How are you incorporating technology into your maths teaching?

The maths classroom has changed a lot since I was at school. Gone are the dusty chalkboards and the bulky slide projectors that were always slightly out of focus. As a trainee teacher, the first piece of equipment I had to get used to is the interactive whiteboard. I have used this marvellous technology to share my laptop screen with a class at the same time as making annotations that can be saved to OneNote for the students to refer to later. The interactive whiteboard allows me to write on the screen while standing at the front of the class, which is better for classroom presence and behaviour management. Many maths teaching platforms, such as Mathspad, have created content designed for the interactive whiteboard, such as my favourite Venn diagram and algebra puzzle.

When I was at school, the teacher had to wheel in a huge television on a trolley to play the class a video. (The television always had a wood veneer effect, for some reason.) Now I just call up the clip I need on YouTube and the interactive whiteboard does the rest.

I have also use technology to set and mark homework. Platforms such as Dr Frost and Hegarty Maths enable questions to be set online which are then automatically marked, and the class’s results collected. I can undertake a range of analysis such as identifying which questions students struggled with the most, which I then use to tailor subsequent teaching.

Technology can facilitate the use of educational games in the classroom. I have used Dr Frost Live and Kahoot for live maths quizzes that never fail to energise the class last period on a Friday.

A word of warning: as always, technology can fail.
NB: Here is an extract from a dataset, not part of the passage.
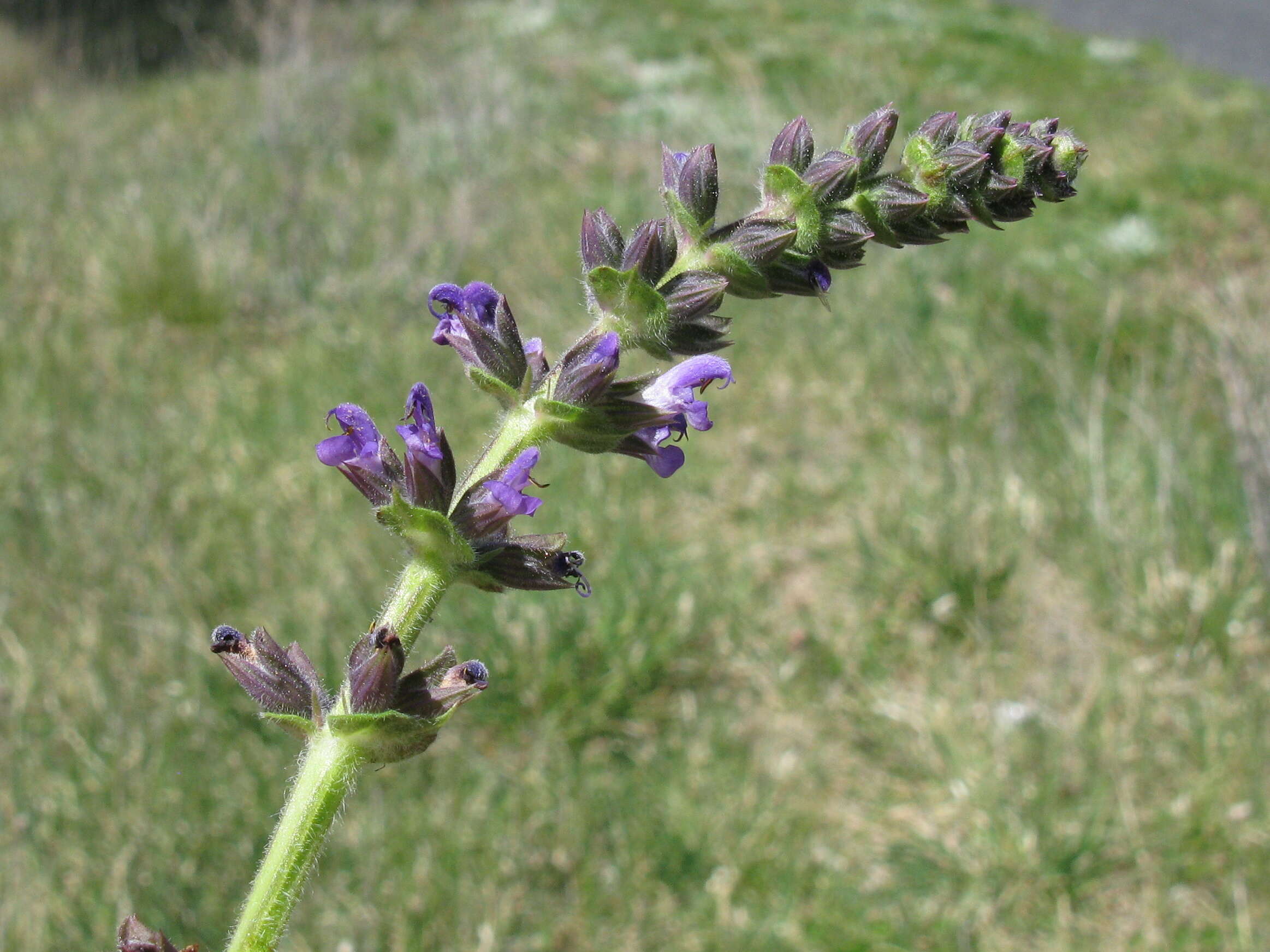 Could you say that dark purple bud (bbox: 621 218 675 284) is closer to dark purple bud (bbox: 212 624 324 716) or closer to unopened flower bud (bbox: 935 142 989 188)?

On more than one occasion my laptop has frozen, requiring me to switch to using a ‘normal’ whiteboard and pen while desperately trying to remember my lesson plan. Allowing students to use devices in the classroom is risky; some classes can’t be trusted to use them sensibly. Technology can make planning lessons more laborious: it takes far longer to prepare a PowerPoint presentation (complete with animations and diagnostic questions) than it does to write up an example on the board then set the students going with the textbook. As with all technology, use it wisely and don’t lose sight of what you want to achieve with it.